Tyto Robotics
- Company type: Private
- Industry: Aerospace
- Founded: 2014
- Founder: Charles Blouin and Dominic Robillard
- Headquarters: Gatineau, Canada
- Website: tytorobotics.com

= Tyto Robotics =

Canadian aerospace company

Tyto Robotics (formerly known as RCbenchmark) is a Canadian aerospace technology company headquartered in Gatineau, Quebec that provides scientific testing equipment and software to global UAV manufacturers and researchers. Engineers and researchers use thrust stands manufactured by Tyto Robotics to test drone and UAV components such as propulsion systems, propellers, and Electronic Speed Controllers (ESCs). The company is also a distributor of WindShape's wind tunnels and weather simulation equipment.

== History ==
In 2014, co-founders Charles Blouin and Dominic Robillard formed Tyto Robotics (then RCbenchmark) during the completion of their master's theses at the University of Ottawa. During their studies, they developed a small propeller thrust stand to test the propulsion system of a drone helicopter that they were designing. They went on to commercialize the propeller thrust stand, which they called the Series 1580, and it was officially released in 2015.

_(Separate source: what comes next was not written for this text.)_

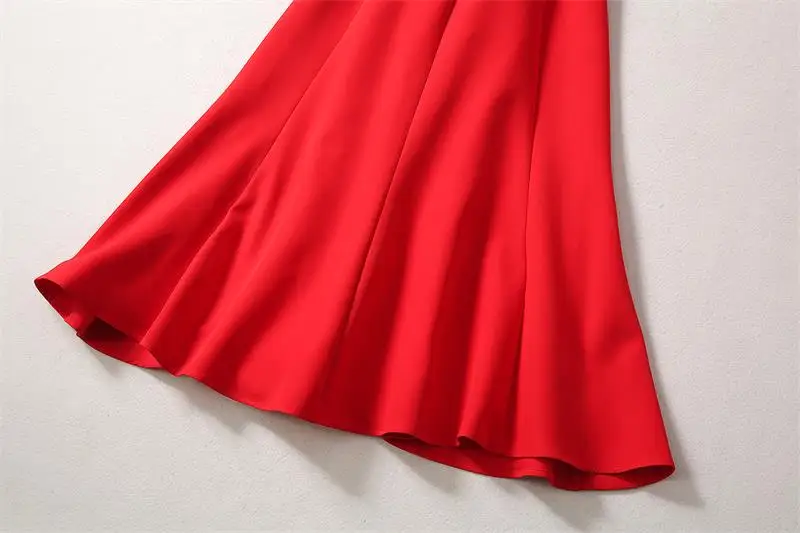 

Women Runway Dress 2020 High Quality Star Style Stand-collar Short Sleeves Solid Big Swing Elegant Mermaid Dresses NP0993W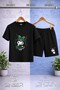 Children's Kromi Green Dress Printed Crew Neck 3-Piece T-Shirt - Shorts Set - 2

In 2017, the company received $220,860 in funding from the Government of Canada and Government of Quebec to support the marketing and expansion of the company.

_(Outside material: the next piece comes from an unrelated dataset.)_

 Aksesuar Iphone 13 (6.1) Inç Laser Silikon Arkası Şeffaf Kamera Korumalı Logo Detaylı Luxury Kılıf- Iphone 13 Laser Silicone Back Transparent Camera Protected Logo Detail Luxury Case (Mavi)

In 2020, Tyto Robotics entered into an agreement with WindShape to become the North American distributor of WindShape's wind tunnels and weather simulation equipment.

The company launched the Flight Stand 150 in 2022, a thrust stand designed to measure up to 150 kgf of thrust, designed for large UAVs. The software allowed users to perform real-time dynamic testing of motors and propellers.

In 2023, the company received a $400,000 investment from the Consortium for Research and Innovation in Aerospace in Quebec (CRIAQ) to fund further research and development on testing large propulsion systems. In the same year, the company introduced software support for Distributed Electric Propulsion (DEP) testing.

In 2024, the Flight Stand 500 was released, capable of measuring up to 500 kgf of thrust. The thrust stand was designed for systems used in advanced air mobility platforms and eVTOL aircraft.

In 2025, the Flight Stand 60 was released to support the testing of internal combustion engines (ICE) for UAVs. In the same year, a motor and propeller balancing software module was released.

== Awards ==
In 2017, Charles Blouin was recognized as the "Mentored of the year" (mentoré de l’année) by the Entrepreneurs' Mentorship Program of the Gatineau Chamber of Commerce (La Chambre de commerce de Gatineau).

In 2022, the co-founders received the Outaouais Regional Innovative Project Award (Prix de reconnaissance des projets novateurs de la région de l'Outaouais) from the Order of Engineers of Quebec (Ordre des ingénieurs du Quebec), which recognizes companies contributing to the Order through innovation.

In 2024, the company was named a finalist for the Export Project of the Year Award (Prix projet d’exportation de l’année) by Investissement Quebec et Export Outaouais.

In 2025, Tyto Robotics won the Jury's Choice Award (Prix Coup de Cœur du Jury) at the Gilles-Demers Awards.